Just in time for summer, a Richmond boat-sharing club has affiliated itself with a bigger boat club so its members can ship out into the Chesapeake Bay, the Gulf of Mexico and even the Atlantic Ocean if they’re feeling brave.
BizSense sat down last week with Tory Wiles, the 27-year-old founder of The Mariners Club at Rocketts Landing which is now Carefree Boat Club of Richmond.
Below is an edited transcript.
Richmond BizSense: You have been in business for two years now. How has the club grown since its founding?
Tory Wiles: Since our first year, we’ve doubled in size each year. With that said, we keep a 10-to-1 member-to-boat ratio, which gives availability for everybody.
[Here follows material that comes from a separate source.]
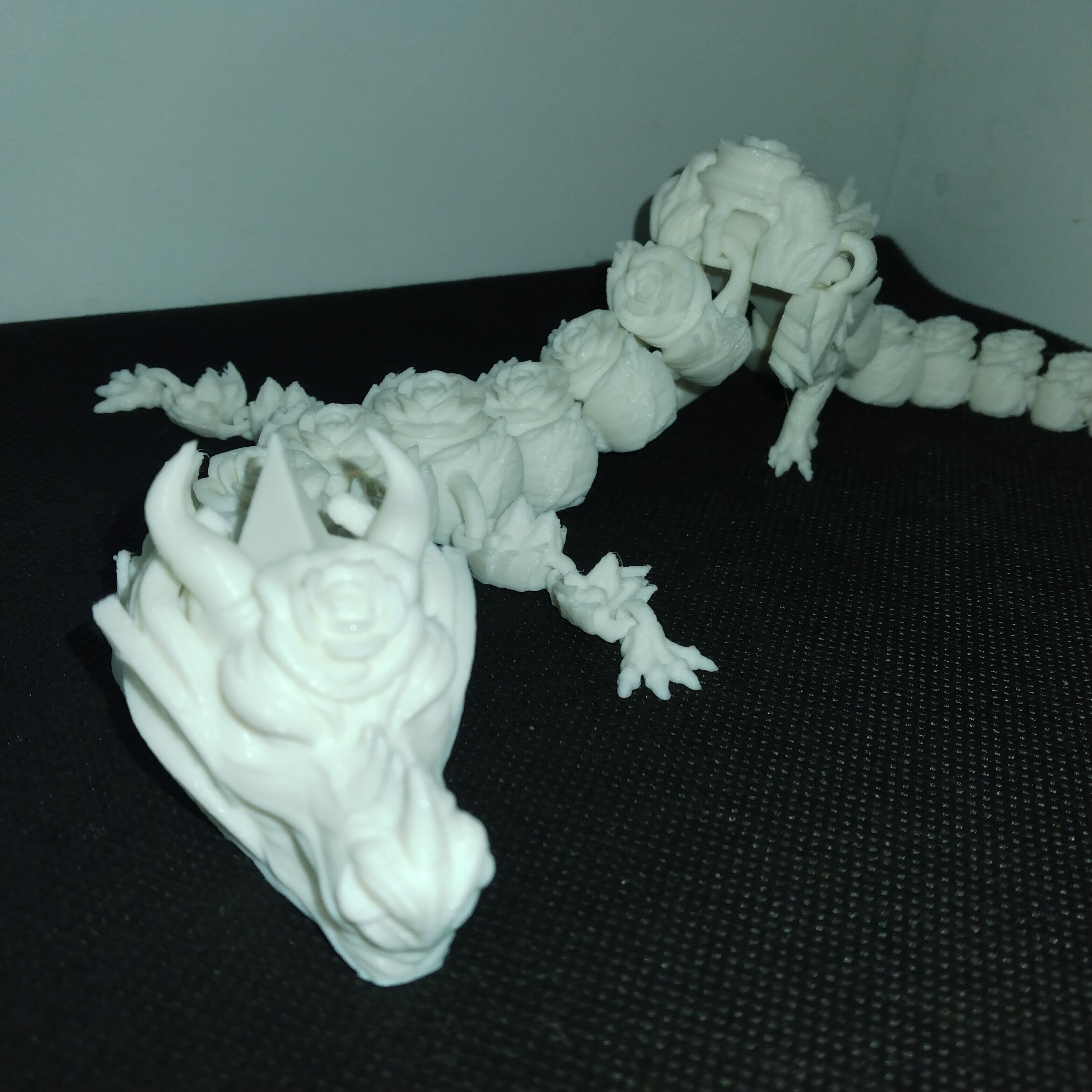 Rose Guardian Flexi Dragon  Articulated 3D print model_6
We now have six boats, and we currently have 62 members. We are at the cap.
We’re going to add two boats by next year, so we’re going to have a limit of 100 members, and that will be for the lifetime of the club.
RBS: What’s new for this summer?
TW: Carefree Boating is the biggest move this year. Richmonders like to travel to Virginia Beach. They like to travel to North Carolina, to Northern Virginia. Now with Carefree, all members in Richmond can boat anywhere there’s a Carefree Boat Club. A lot of people have the hassle of trailering a boat. Now all you have to do is travel with your family and go enjoy a weekend in Virginia Beach out on the boat.
RBS: Where else are there Carefree Boat Clubs?
TW: In Virginia, we have Virginia Beach, Hampton, Williamsburg, Stafford and D.C. And then we have boat clubs from New Jersey to Florida to Tennessee, out to Texas as well.
RBS: Will the change affect the cost of membership?
TW: Every summer, we raise membership fees. So the first summer, it was a lot cheaper. As we go up each year in boats and members, the rates go up. Now rates range from $2,000 to $3,500 per year, depending on your contract. We have a one-year, a three-year and a five-year contract. The longer contracts get cheaper dues. We call it a contract, but you can sell your contract, you can trade your contract, you can give it away.
RBS: You started a boating club, offering a high-end, luxury product, in a difficult economic time. Did that affect business?
TW: I was really nervous opening up a boat club in hard times, but what’s funny is the economy kind of proved me wrong. People who have boats have payments of $300 to $500 (per month). People want to buy boats, and they have to put payments of $5,000 down. They want to buy $20,000 and $30,000 boats, and it becomes a huge purchase.
Whereas people who are always interested in boating each year, instead of having to go and pay all these maintenance fees and pay to have these boats stored and docked, they can join our club. We kind of see it as a money savings versus spending into a luxury product.
RBS: How did you become interested in boating, and where did you get the idea for the Mariners Club?
TW: I grew up on the water in Virginia Beach, doing lots of fishing and boating, so at an early age I was into boating. Then I came to Richmond, and everyone here goes to the river.
At the entrepreneur school at LSU, they always said, “Do what you have a passion for, do what interests you.” So when I came up to Richmond and I saw Rocketts Landing was putting in a marina, I said “Hey, what about a boat club?” Then I started a marina management company as well.
RBS: Where did you learn to manage the boat club?
TW: I was an operations manager for Regions Bank in Louisiana, and I did some financial work with another boat club down in Louisiana, and I learned the ins and outs. I mainly learned the basics from them, and the rest from being on the job at the Mariners Club.
RBS: What sort of challenges have you encountered?
TW: The hardest thing and the craziest thing is learning and doing the maintenance on the boats. We say, “no hassle boating.” It’s great for the members. It’s really hard on us, because we have to keep up the maintenance.
RBS: What do you have in mind for the future?
TW: We’re looking to expand out to Tappahannock and Lake Anna probably, in the next year or so, and just improve on informing Richmond residents about this fun kind of recreation we have down here on the James River.
RBS: Do you ever look back and miss the suits and ties that you traded for boat shoes?
TW: I would never change my job for the world. I love coming to work every day. I live at Rocketts, I work at Rocketts, I play at Rocketts. I live in the lifestyle I like to live. I never want to work at a bank again.